Pelosi reportedly got the idea to delay handing over the articles from a December television appearance by John Dean on CNN, where he is a regular commentator. Considered by some to be the “hero of Watergate” and by others to be a shameless opportunist, the man known by the FBI as “the master manipulator of the cover-up” has spent the subsequent decades deeming scandals in the administrations of Presidents Ronald Reagan, George W. Bush, and Trump including the “worse than Watergate” — including the Ukraine saga.

Dean, 81, was embroiled in the Watergate scandal during the early 1970s. He turned on his co-conspirators in exchange for a plea deal and a short prison stint, becoming the star witness in the impeachment proceedings that forced Nixon to resign.

Parnas, through his attorney Joseph Bondy, pushed for weeks to get permission from the courts to hand over records.
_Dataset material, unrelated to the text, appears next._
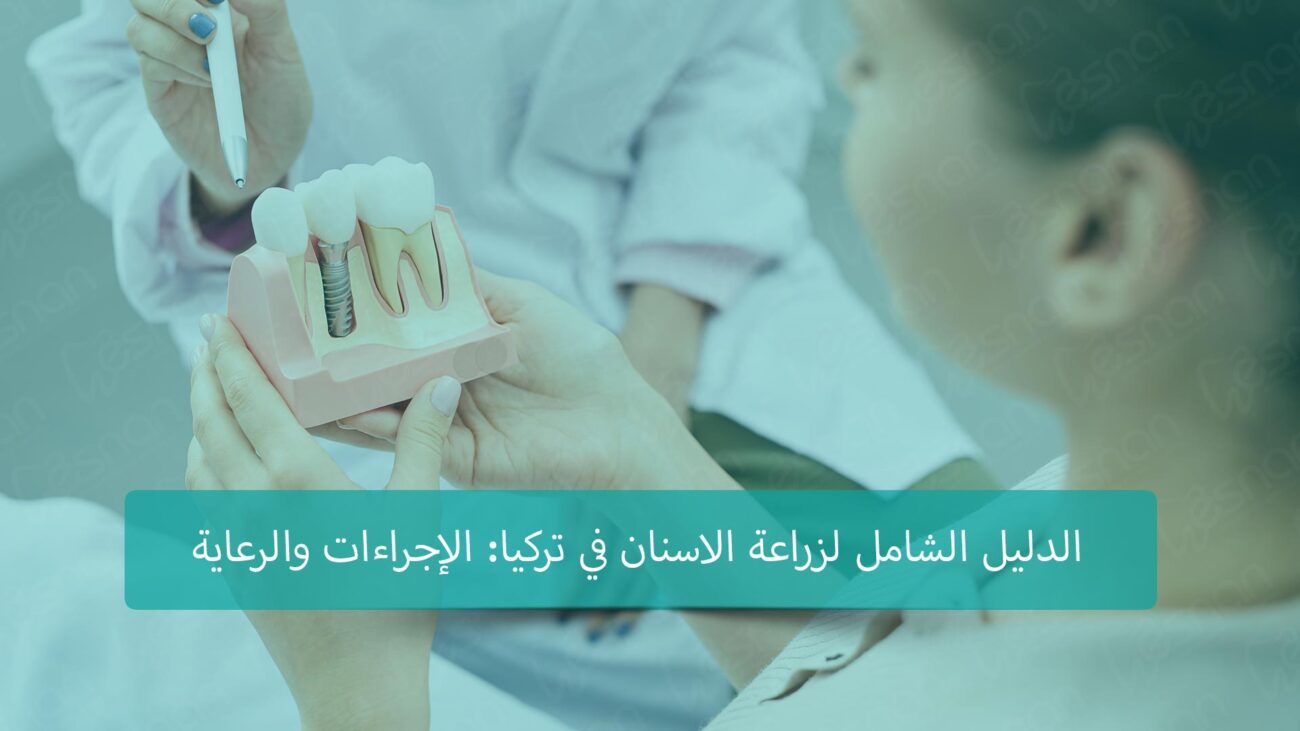 الدليل الشامل لزراعة الأسنان في تركيا: الإجراءات والرعاية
Bondy mounted a social media campaign to allow his client to take the spotlight and share information in the upcoming Senate impeachment trial.

Dean tweeted about Parnas in December, pointing to his contributions to Republicans and hinting at a sinister Russian conspiracy.

“Lev Parnas is a contributor to Kevin McCarthy — looks like the Minority Leader is in the Ukraine loop,” Dean wrote. “When will Rudy show up in his phone records? It is as if Putin has taken control of the GOP. What in hell are they doing? Will a reporter please ask him?”

Parnas’s lawyer has used his rapidly growing social media platform to proclaim his client’s desire to share what he knows, employing the hashtags #LetLevSpeak and #LevRemembers, as he says Parnas “remains committed to testifying as to all the actions he took in Ukraine on behalf of President Trump.” Bondy has released viral videos trolling Trump, his family, and other Republicans with guilt by association.

Neal Katyal, the acting solicitor general during the Obama administration, wrote in the Washington Post on Wednesday that “these new documents demolish at least three key defenses to which Trump and his allies have been clinging: that he was really fighting corruption when he pressured Ukraine on matters related to the Biden family; that Hunter Biden should be called as a witness at the Senate impeachment trial; and that there’s no need for a real, honest-to-goodness trial in the Senate.”

Prosecutors say that in 2018, Parnas and Fruman falsely claimed that hundreds of thousands of dollars in campaign contributions came from General Energy Partners, purportedly a natural gas energy company. In reality, the money was funneled through the company to conceal foreign donors. The duo gave $325,000 to America First Action, a pro-Trump super PAC.

Prosecutors claimed that “these contributions were made for the purpose of gaining influence with politicians so as to advance their own personal financial interests and the political interests of Ukrainian government officials.” The charges relate to a conspiracy to obstruct the Federal Election Commission, a conspiracy to defraud the U.S., making false statements to investigators, and the creation of a false entity to obstruct an investigation.

A newly released photograph of alleged meeting notes taken by Parnas on stationary from the Ritz Carlton in Vienna, Austria, detail Giuliani’s plan to “get [Zelensky] to announce that the Biden case will be investigated.” Prosecutors revealed Parnas received a $1 million loan from Ukrainian oligarch Dmytro Firtash, who is mentioned in the new document. Firtash has fought the Justice Department’s efforts to extradite him to the U.S. from Vienna for years. Parnas was arrested in October at Dulles Airport with a ticket to the Austrian capital.